An almost inner light…
Another month dominated by the effects of weather being unseasonably cold and wet for most days, though it ends with a flourish and a sharp rise in temperature leaving it feeling much more like it should be for the time of year. This of course has meant that things are much further behind than usual – grass seed which had begun to germinate just stalls to a halt, and has not put on any further growth. Seedlings in the greenhouses are much less developed and there have still been early morning frosts so little by way of planting out or moving things on.
The additional volume of water from the rain means too that the pools are full to brimming, though the Temple pool needs tidied from blanket weed and the elodea – Canadian pond weed – can be seen lurking beneath just ready to plague us again.
There seem to be more nettles than ever especially around the Top pond perimeter and the tree column base Pantheon – even though an early round of removing them helps it will not eradicate their relentless presence and they emerge again here and throughout the woodland. The other plant which seems to be thoroughly enjoying conditions is ground elder – it is in amongst the roots of the perennial beds in the Front garden and choking out mint in the Kailyard. Again, one of those almost impossible tasks as no matter how much is removed it keeps reappearing again.
A leak in the Top pond at its weak spot on the edge.is filled again – another unwanted result of the volume of water just passing through the system – water always finds its way to the course it wants to run, rather than that directed or desired.
The car park area is given another clear up in advance of the visitor season – the wooden front gate here replaced temporarily with an aluminium one, following an incident involving the farmer’s son and an unruly tractor….

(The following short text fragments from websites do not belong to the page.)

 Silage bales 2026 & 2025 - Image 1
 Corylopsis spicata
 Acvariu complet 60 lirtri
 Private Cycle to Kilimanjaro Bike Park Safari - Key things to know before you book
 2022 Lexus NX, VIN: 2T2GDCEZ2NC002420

Wild flower seed is spread around bare and boggy patches here to improve appearances and a planter made from an old feeding trough dug up from the field, filled with ox-eye daisies and white purslane which will now great visitors at the entrance.
In the Parkland the cobble circles of the Virgil groves are cleaned of moss and look sharp and clear again, the Woodland Flute grove gets the same treatment.

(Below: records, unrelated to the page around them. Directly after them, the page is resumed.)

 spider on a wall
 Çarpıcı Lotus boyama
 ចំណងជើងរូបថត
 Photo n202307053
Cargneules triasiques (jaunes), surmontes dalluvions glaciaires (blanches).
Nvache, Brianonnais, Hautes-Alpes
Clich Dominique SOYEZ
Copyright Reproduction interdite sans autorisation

The Hortus is also given a good clear-out, the paths and gravel raked clean and the Cloud pool left clear – hopefully all of the earlier top-dressing and feeding of the roses in here will help – the fruit trees are blossoming, though whether or not this will result in any better harvest remains to be seen.

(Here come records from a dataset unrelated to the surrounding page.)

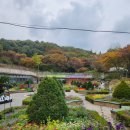 한림꽃농원 이미지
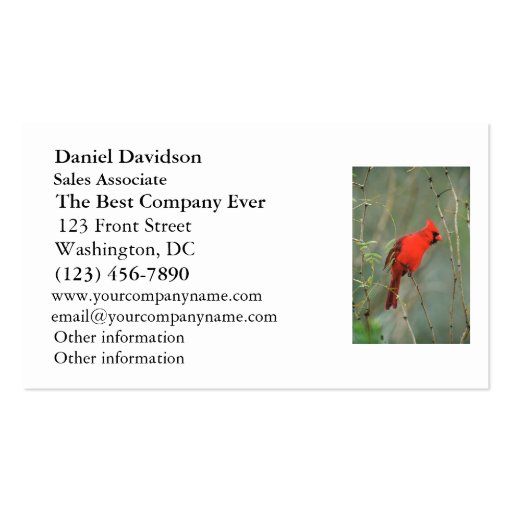 Cardinal Bird Photo Business Card (front side)
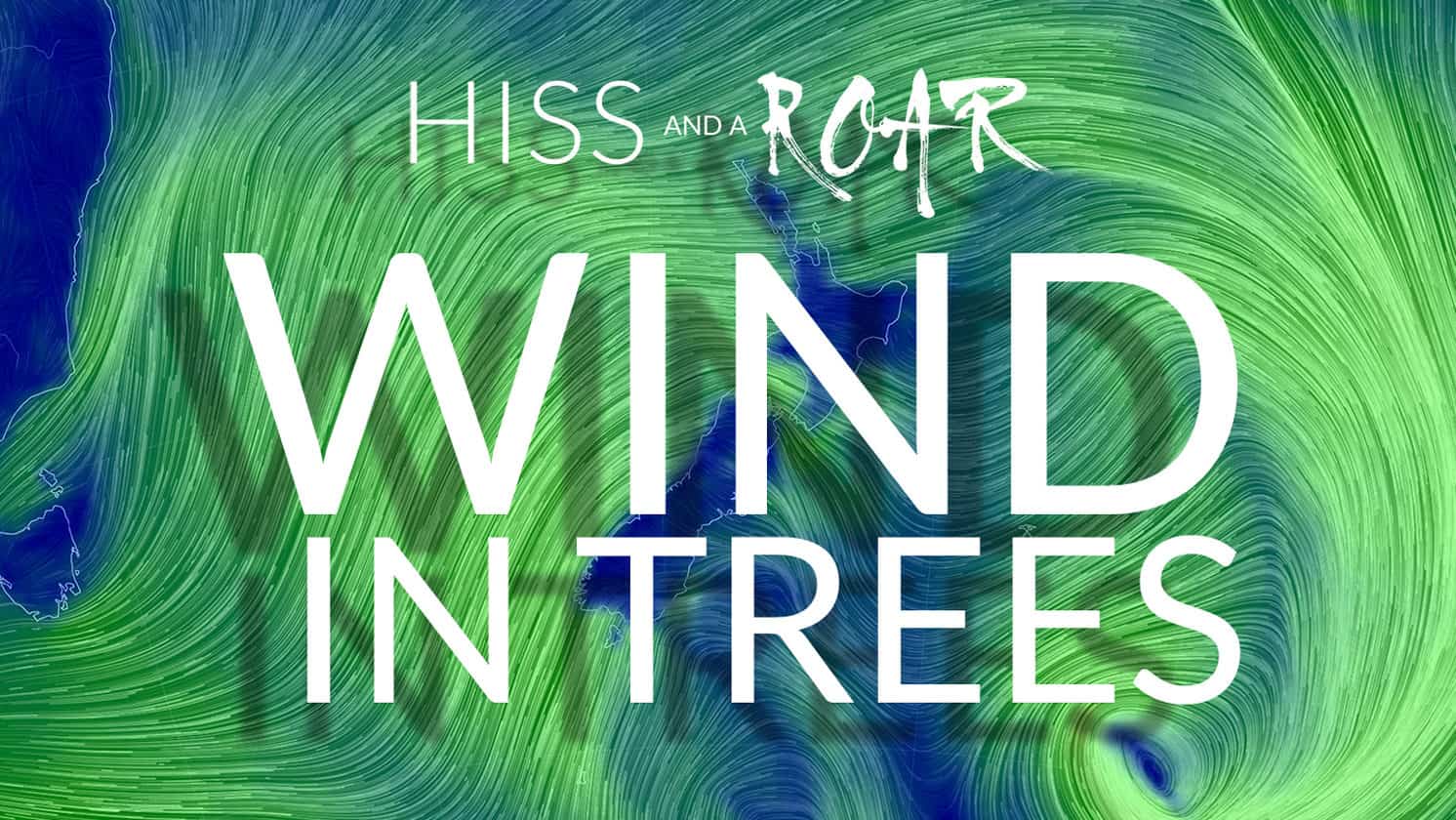 WIND IN TREES a New HISSandaROAR Library capturing the Wind Rising and the Forest Singing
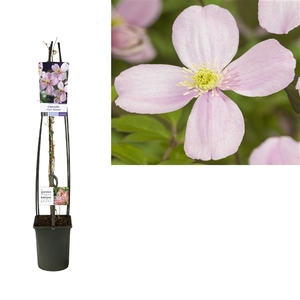 Clematis montana 'Rubens' +light label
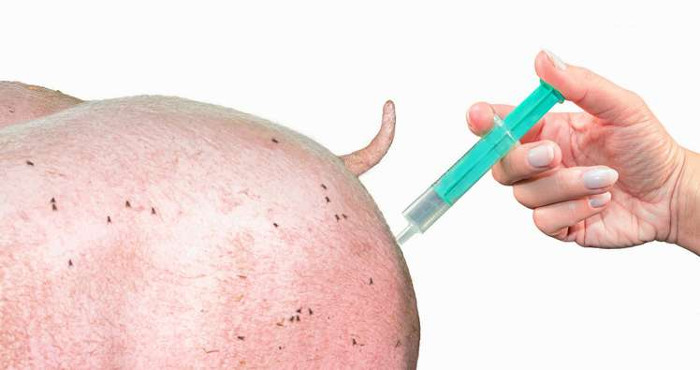 USA: Doctors call to stop giving sausages to students' meals Picture 2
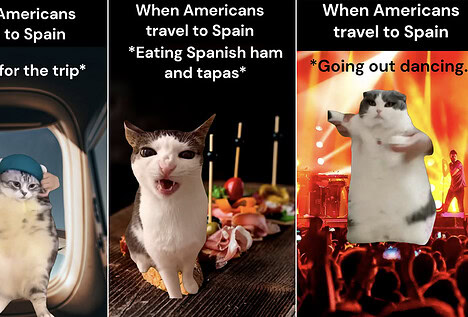 Polémica en Exteriores por un vídeo en el que se identifica a los estadounidenses con gatos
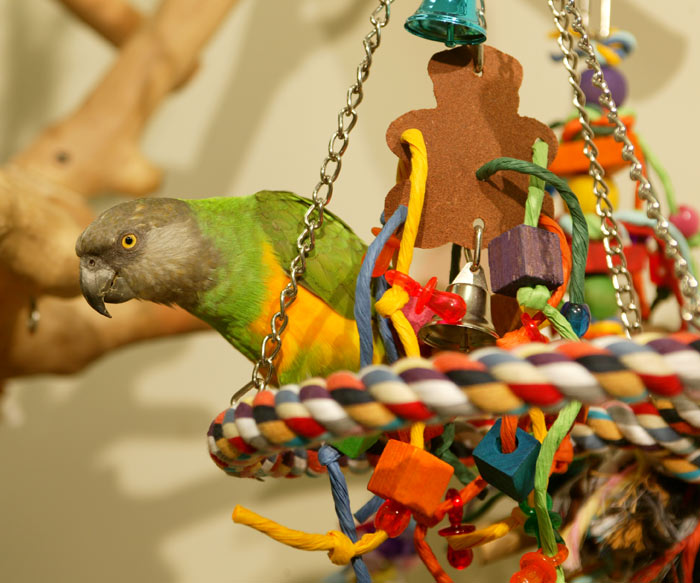 Senegal Parrot Climbing Tree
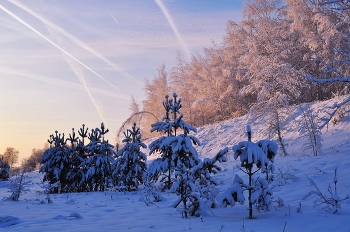 Frost und Sonne! / ***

The parterre box hedging in the Hortus is given a light clipping as are all of the topiary box forms in the Front garden.
The brass silhouettes and name plates of Camouflaged Flowers are given a polish, their burnished presence always coming as a surprise glinting through the trees.
There is more blossom now in the woodlands – a luminous understory of bluebells, dog’s tooth violet and persicaria in flower by the grotto of Dido and Aeneas. Elsewhere cowslips, primrose and forget-me-not carpet the edges of pathways.
There is rhubarb in abundance, and trees now turning to leaf provide that wonderful bright pellucid green – an almost inner light.
The new reception building is nearing completion – the last few days of construction once finished will mean that those few remaining art works can be uncovered or brought back out into place. The UNDA patio has been relaid and looks well – the return of an old friend, the beginnings of passage into summer.